National Seating & Mobility’s (NSM) Austin, Texas, branch is helping local high school students and faculty to understand what it’s like to live with a wheelchair — while also raising money for a good cause.
NSM staffers are collaborating with their client Archer Hadley, a student making headlines for his efforts to raise money to install accessible doors at Stephen F. Austin High School, where he attends classes.
Archer, a senior, has cerebral palsy. According to a report from ABC TV’s Austin affiliate KVUE, Austin High School is exempt from statutes requiring accessible doors because the facility was built in 1975, before such laws went into effect. Archer, who uses a power wheelchair, said he currently has to wait for others to open doors for him, and that last year he got stuck on a balcony in the rain because he couldn’t open a school door to get inside.
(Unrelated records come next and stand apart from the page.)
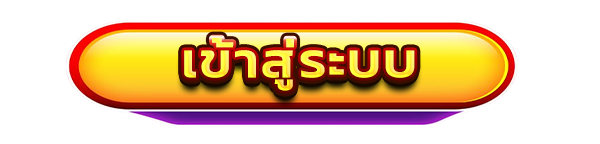 LOVING888 ทางเข้าเล่น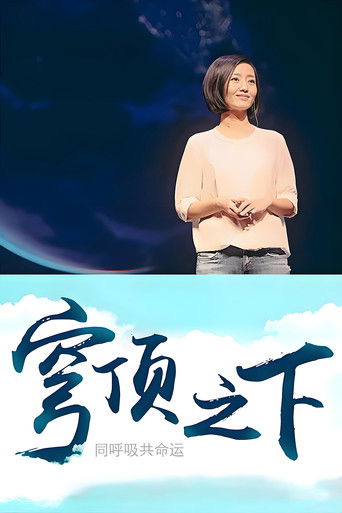 movie poster for Under the Dome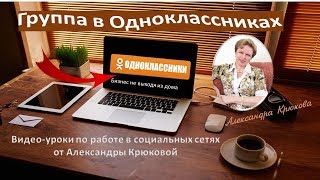 Урок1 Группа в Одноклассниках  Создание  Оформление  Основные настройки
As a result, Archer created the “Mr. Maroo Wheelchair Challenge,” named after the school’s mascot and described on the school’s Web site as the “All Access for Austin High Campaign, part of his Academy for Global Studies Program Capstone Project. The purpose of the project is to give back to his community and leave a lasting legacy for students at Austin High School.”
Funds raised by the Challenge will go toward purchasing and installing automatic door opening systems at five school entrances, the Web site added.
The KVUE report quoted Archer’s mother, Barbara, as saying the door opening systems will cost about $40,000.
To raise awareness of accessibility issues and drum up interest in the fundraiser, Archer devised the Wheelchair Challenge to enable students and faculty to spend a day in a wheelchair.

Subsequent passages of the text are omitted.